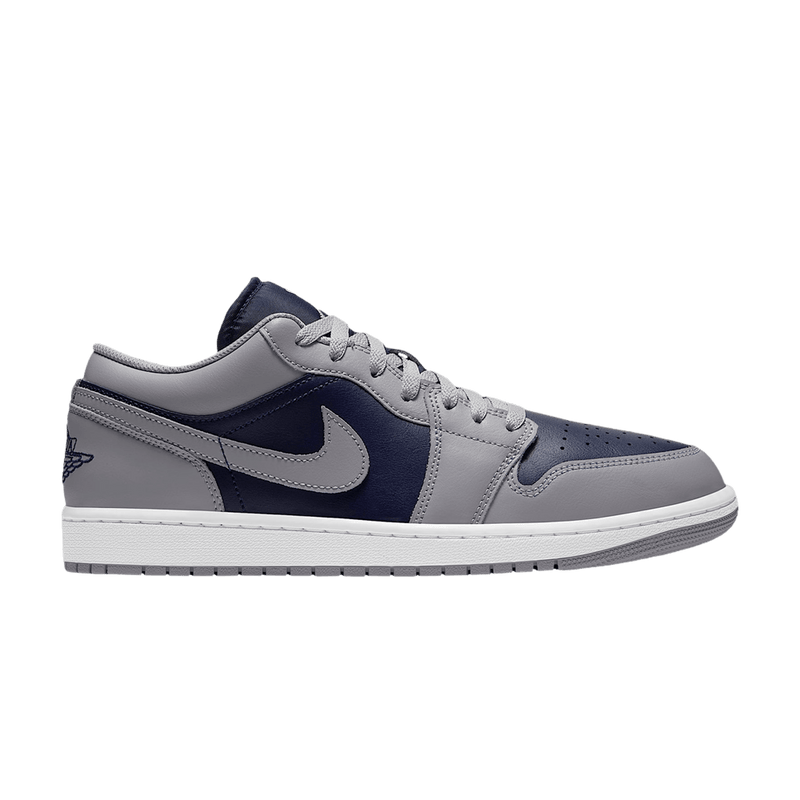 Air Jordan 1 Low 'Tech Grey White College Navy' 553558 058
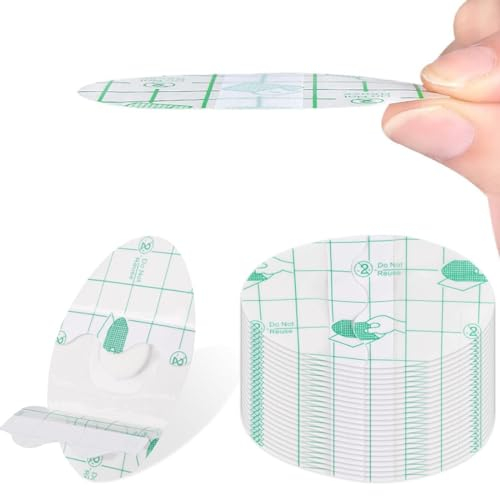 100 PCS Orejeras para Ducha, Apones Oidos Natación para Adultos,Pegatinas Desechables Impermeables para los Oídos con Tapones para los Oídos de Algodón,Impermeables Para El Oído Nadar Y Bañarse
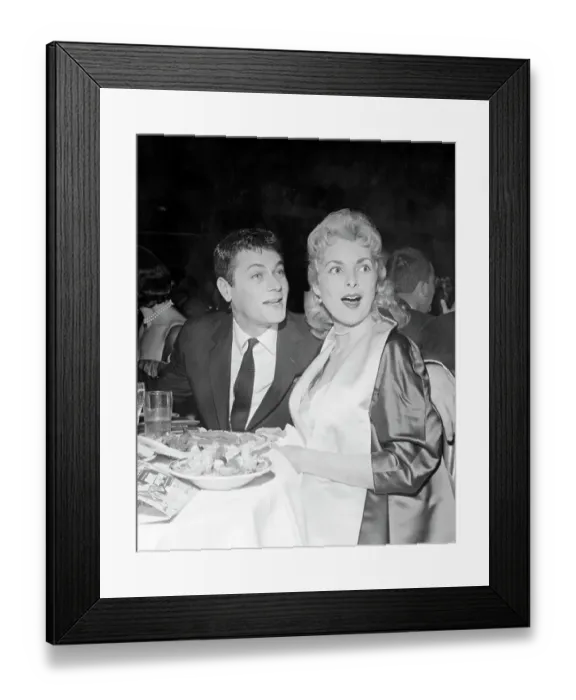 Framed Print : Janet Leigh with Tony Curtis Framed Print : Janet Leigh with Tony Curtis
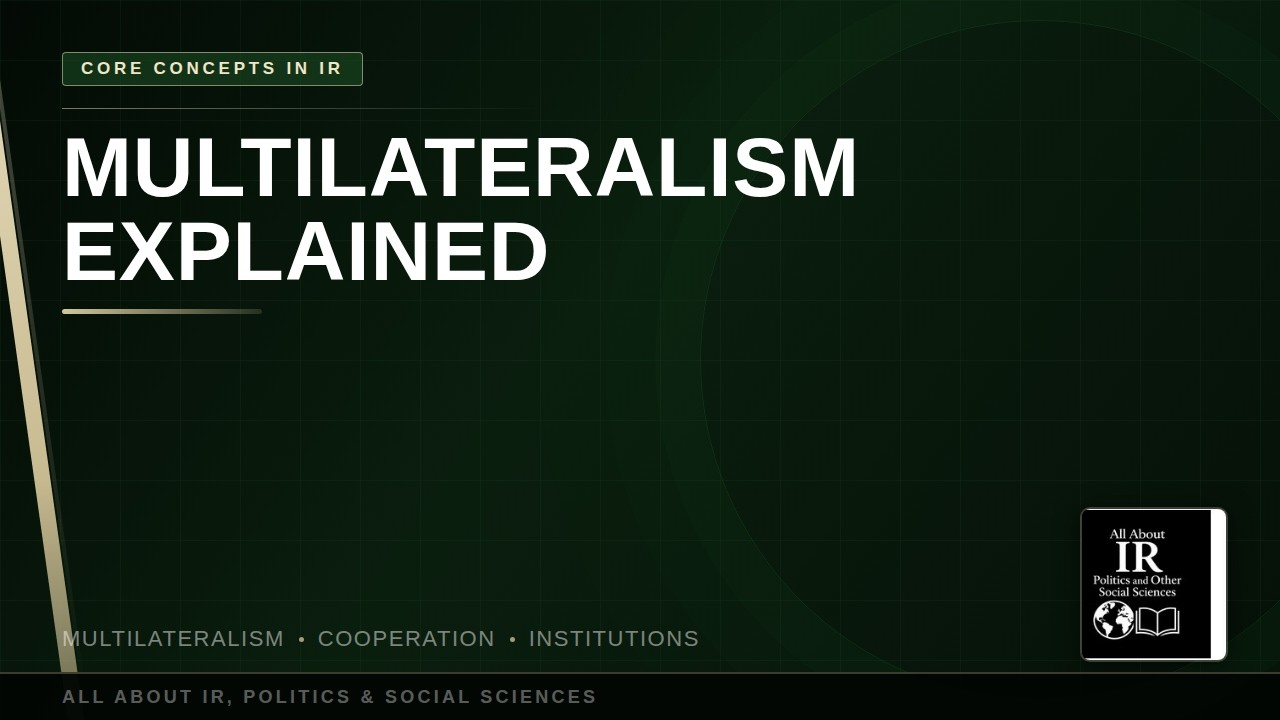 19 Core Concepts in IR | Multilateralism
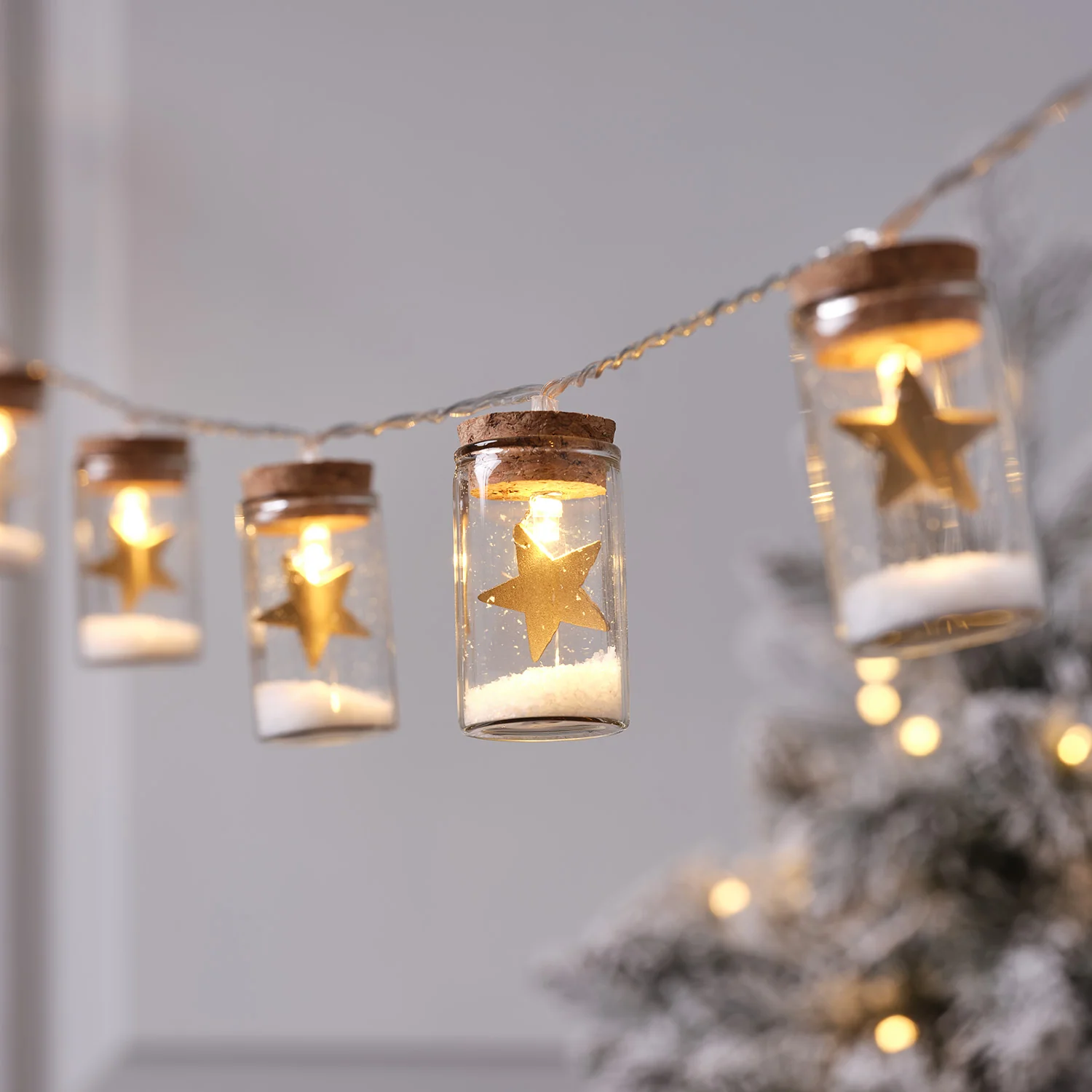 10 Star Glass Bottle LED String Lights - Image 6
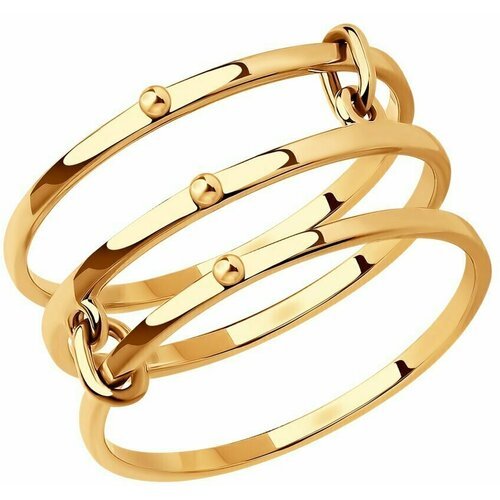 Купить Кольцо Diamant online, золото, 585 проба, размер 19
Золотое кольцо 263800, котор...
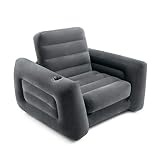 Intex 66551NP Pull-Out Chair, Schwarz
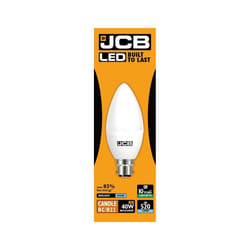 JCB LED Candle 470lm Opal 6w B22 6500k [S10979]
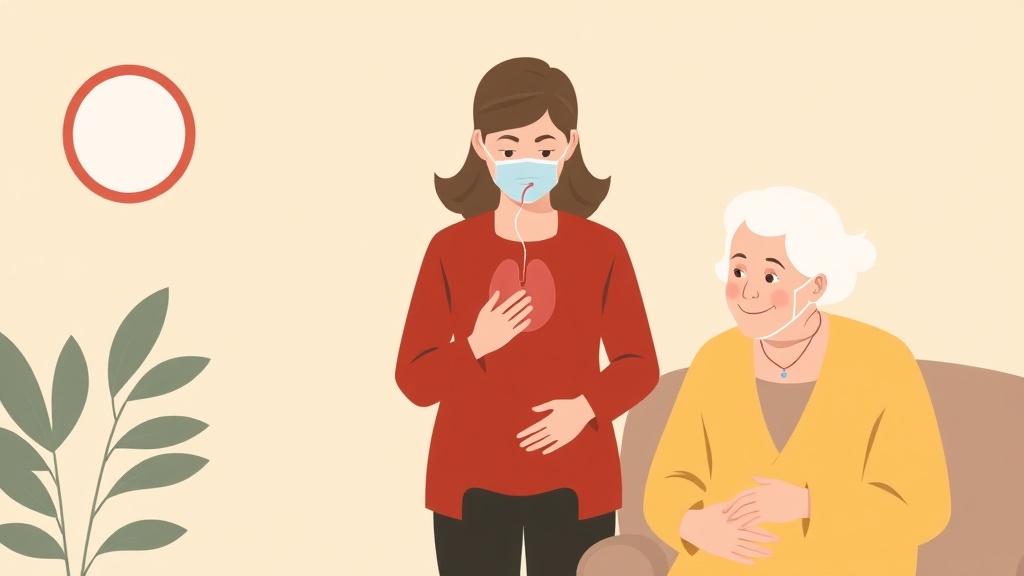 Educational graphic covering the essentials of pneumonia Prevention in Elderly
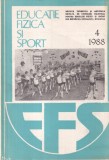 Revista Educatie Fizica si Sport nr. 4, 1988, 64 pagini, format brosat, dimensiuni 16x24 cm, stare buna
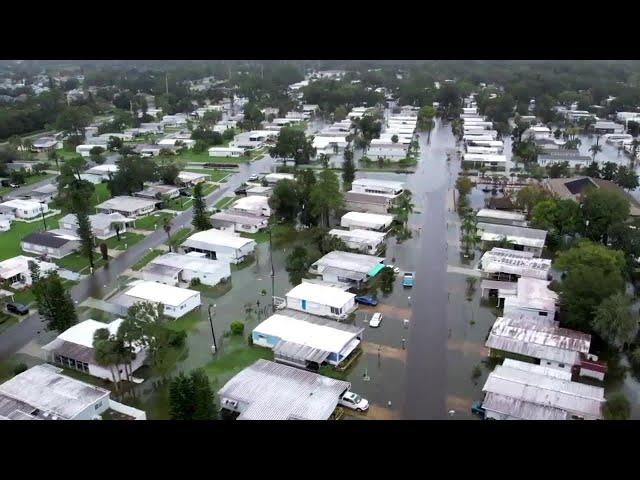 Damage in Pinellas County from Milton as resident recover from Helene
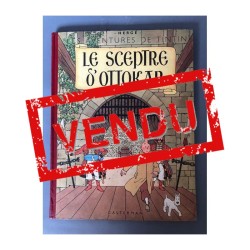 Tintin T8 - Le sceptre d'Ottokar (B2) - C - (1948)  Hergé - Les Aventures de Tintin - Album Le sceptre d'Ottokar - B2 - Dos rou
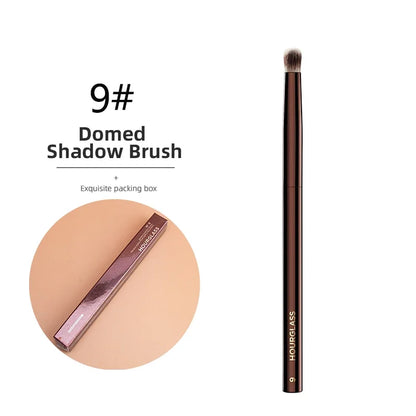 Hourglass Makeup Brushes Powder Foundation Contour Cream Blush Bronzer Make Up Brush Eyeshadow liner Smudge Brush Single branch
○ ○ ○
DIRECTIONS |
Could you reproduce every record above exactly, leaving out any pictures?

ANSWER SECTION |
 Air Jordan 1 Low 'Tech Grey White College Navy' 553558 058
 100 PCS Orejeras para Ducha, Apones Oidos Natación para Adultos,Pegatinas Desechables Impermeables para los Oídos con Tapones para los Oídos de Algodón,Impermeables Para El Oído Nadar Y Bañarse
 Framed Print : Janet Leigh with Tony Curtis Framed Print : Janet Leigh with Tony Curtis
 19 Core Concepts in IR | Multilateralism
 10 Star Glass Bottle LED String Lights - Image 6
 Купить Кольцо Diamant online, золото, 585 проба, размер 19
Золотое кольцо 263800, котор...
 Intex 66551NP Pull-Out Chair, Schwarz
 JCB LED Candle 470lm Opal 6w B22 6500k [S10979]
 Educational graphic covering the essentials of pneumonia Prevention in Elderly
 Revista Educatie Fizica si Sport nr. 4, 1988, 64 pagini, format brosat, dimensiuni 16x24 cm, stare buna
 Damage in Pinellas County from Milton as resident recover from Helene
 Tintin T8 - Le sceptre d'Ottokar (B2) - C - (1948)  Hergé - Les Aventures de Tintin - Album Le sceptre d'Ottokar - B2 - Dos rou
 Hourglass Makeup Brushes Powder Foundation Contour Cream Blush Bronzer Make Up Brush Eyeshadow liner Smudge Brush Single branch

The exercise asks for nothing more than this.